Chinese court sentences activists who sold liquor commemorating 1989 Tiananmen crackdown to three years in prison

Two Chinese activists who in 2016 sold liquor commemorating the 1989 Tiananmen Square crackdown have been given suspended jail sentences.

Chengdu Intermediate People’s Court found Fu Hailu (符海陆) and Zhang Juanyong (张隽勇) guilty of “picking quarrels and stirring up trouble” (寻衅滋事), a catch-all phrase used by the Chinese Communist regime to crack down on activists and dissidents.

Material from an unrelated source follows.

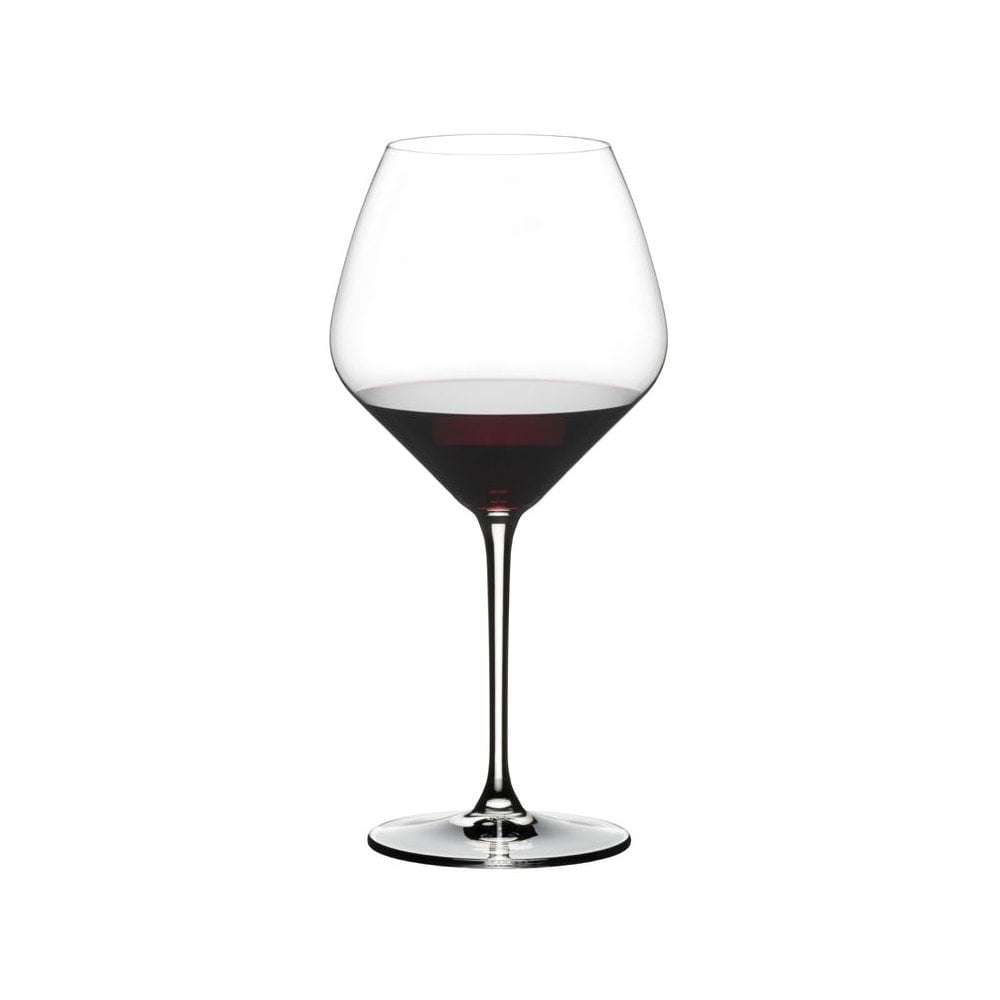 Riedel Extreme Pinot Noir Glass 454/7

(Image by 张瑜 via Wikimedia Commons)

On Monday (April 1) Fu was sentenced to a three-year jail term suspended for five years, while on Tuesday Zhang was handed a three-year jail term suspended for four years.

Fu Hailu and Zhang Juanyong were arrested in 2016 alongside Luo Fuyu (罗富誉) and Chen Bing (陈兵) and charged with “crimes of incitement to overthrow state power” (煽动颠覆国家政权罪).

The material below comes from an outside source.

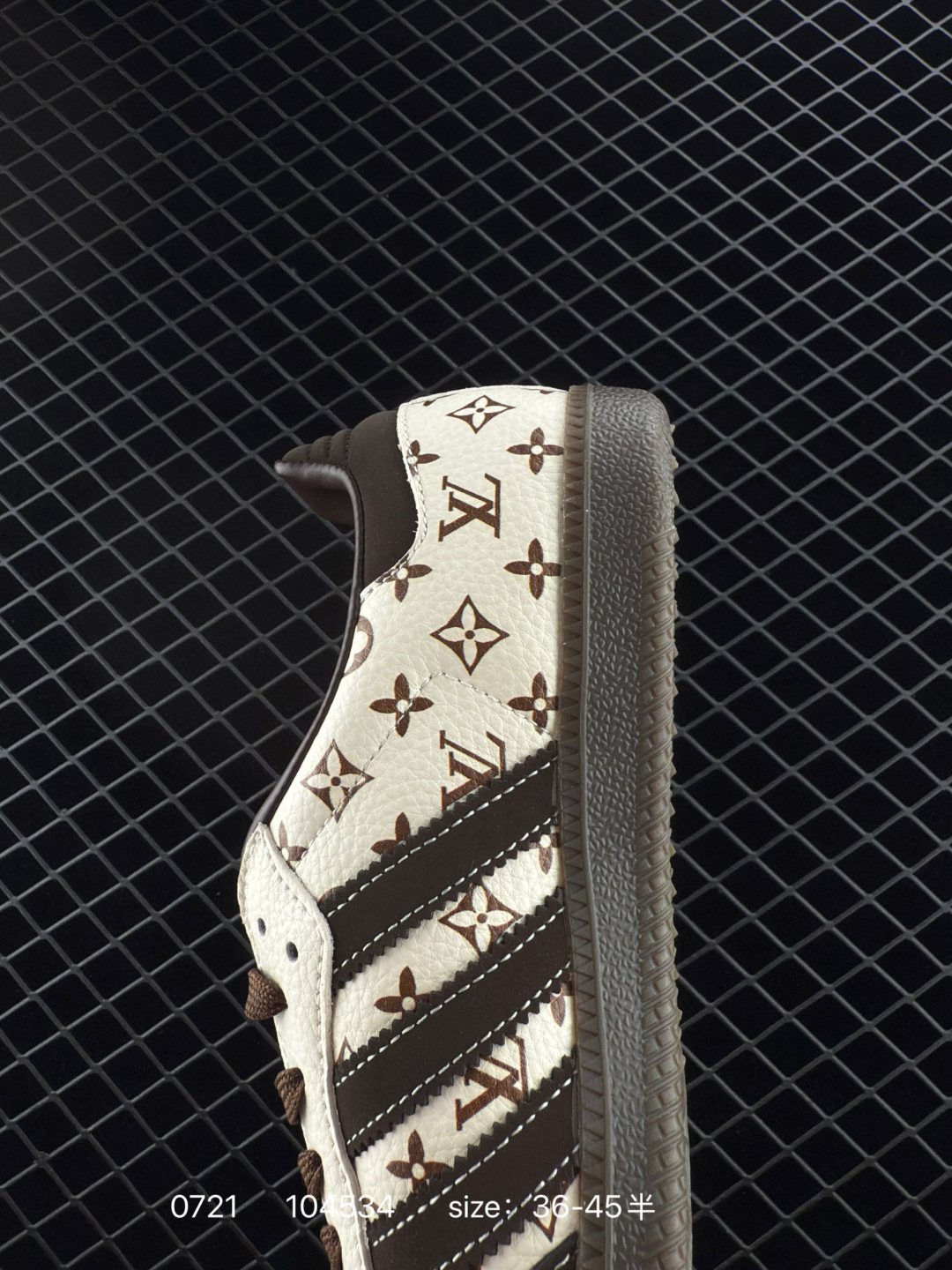 Adidas Originals Samba OG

Their arrest came after they sold online bottles of baijiu, a popular Chinese liquor, to commemorate the 27th anniversary of the Tiananmen Square massacre.

The actvists gave their liquor the name Ba Jiu Liu Si, which literally means eight nine six four, a reference to June 4th 1989, the date of the crackdown.

The bottles had labels featuring the image of a man in front of a tank, reminiscent of the famous “tank man”, and the sentence: “China, Beijing, Never Forget, Never Give up” (中国 – 北京 – 永不忘记, 永不放弃).

To this day the Chinese Communist regime regards the Tiananmen Square massacre as a taboo topic that cannot be publicly discussed.

The trials of the two other defendants are scheduled for later this week.